Problem to solve: Go to the line containing "White Buffalo Oval" in the records below and print it and every following line exactly, on through the line containing "GROGR-18 Piece Putty", then stop.

Provided data:
^^^^^^^^

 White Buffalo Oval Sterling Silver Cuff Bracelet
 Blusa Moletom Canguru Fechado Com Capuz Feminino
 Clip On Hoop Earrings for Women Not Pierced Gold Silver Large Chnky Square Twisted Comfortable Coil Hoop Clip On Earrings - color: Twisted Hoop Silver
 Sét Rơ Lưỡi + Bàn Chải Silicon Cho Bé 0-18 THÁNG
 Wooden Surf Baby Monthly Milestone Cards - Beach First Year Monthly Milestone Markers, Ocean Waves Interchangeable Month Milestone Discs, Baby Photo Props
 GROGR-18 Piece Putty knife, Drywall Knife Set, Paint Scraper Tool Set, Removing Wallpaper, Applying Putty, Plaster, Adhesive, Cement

^^^^^^^^

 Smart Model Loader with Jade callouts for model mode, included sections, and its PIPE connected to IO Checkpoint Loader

^^^^^^^^

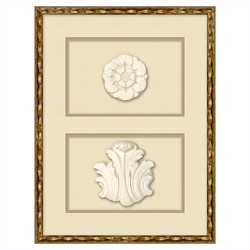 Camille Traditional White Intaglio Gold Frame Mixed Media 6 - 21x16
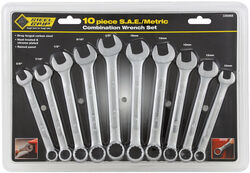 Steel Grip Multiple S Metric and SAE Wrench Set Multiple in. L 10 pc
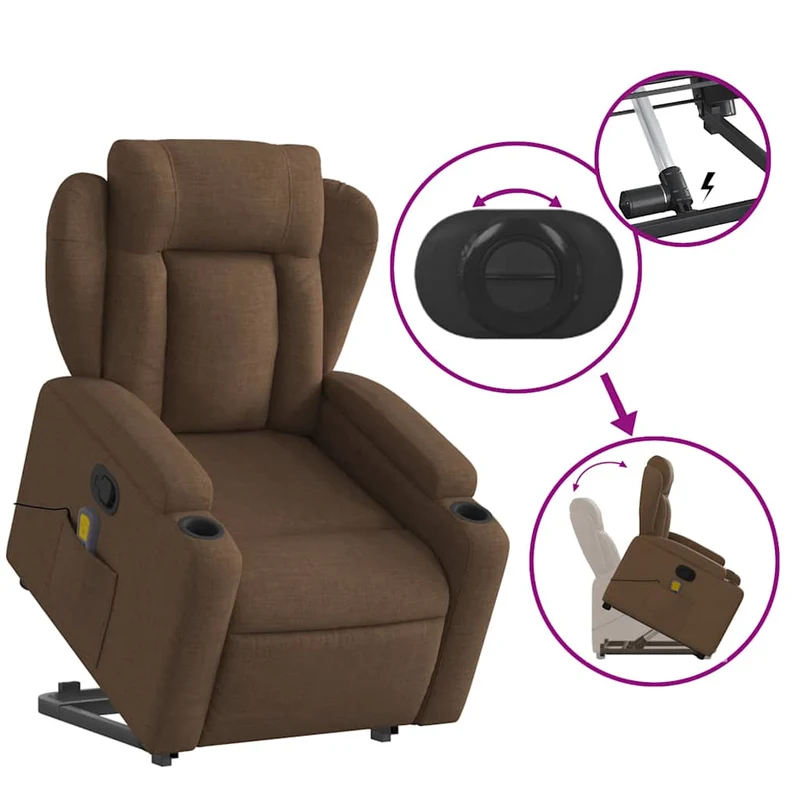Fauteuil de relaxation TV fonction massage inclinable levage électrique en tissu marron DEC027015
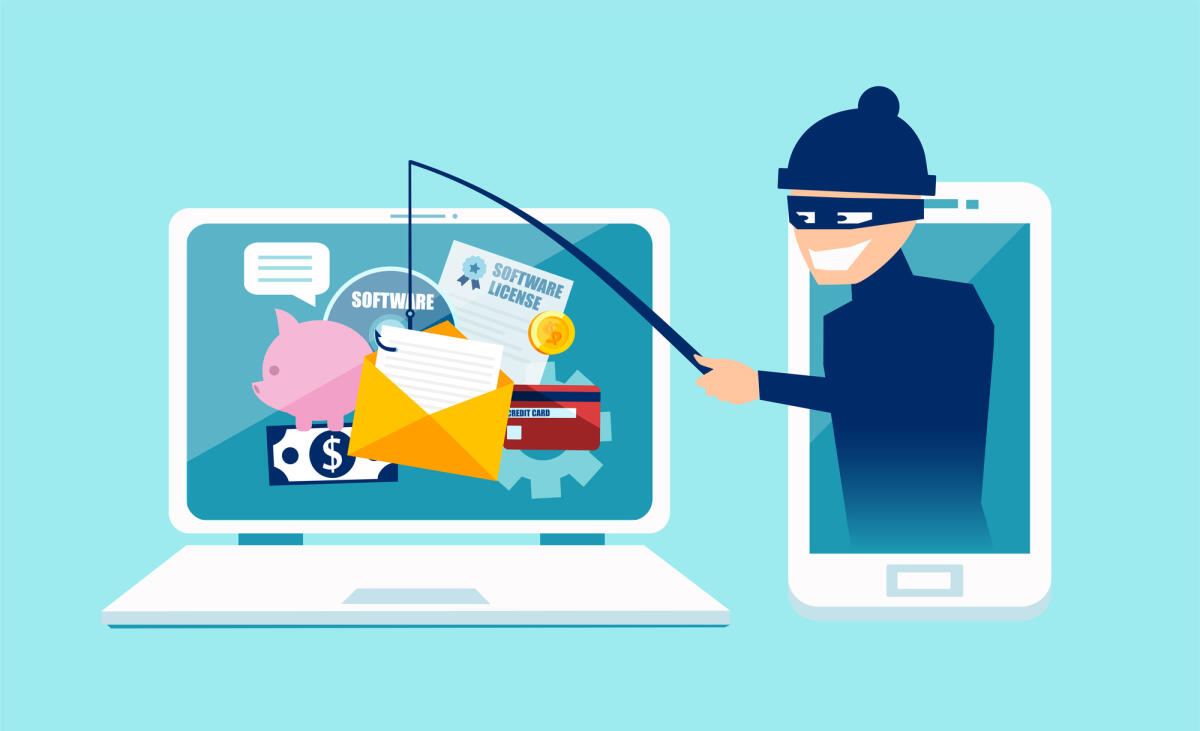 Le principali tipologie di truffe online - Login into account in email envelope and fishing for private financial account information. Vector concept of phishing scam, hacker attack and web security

^^^^^^^^

Answer for this exercise:
 White Buffalo Oval Sterling Silver Cuff Bracelet
 Blusa Moletom Canguru Fechado Com Capuz Feminino
 Clip On Hoop Earrings for Women Not Pierced Gold Silver Large Chnky Square Twisted Comfortable Coil Hoop Clip On Earrings - color: Twisted Hoop Silver
 Sét Rơ Lưỡi + Bàn Chải Silicon Cho Bé 0-18 THÁNG
 Wooden Surf Baby Monthly Milestone Cards - Beach First Year Monthly Milestone Markers, Ocean Waves Interchangeable Month Milestone Discs, Baby Photo Props
 GROGR-18 Piece Putty knife, Drywall Knife Set, Paint Scraper Tool Set, Removing Wallpaper, Applying Putty, Plaster, Adhesive, Cement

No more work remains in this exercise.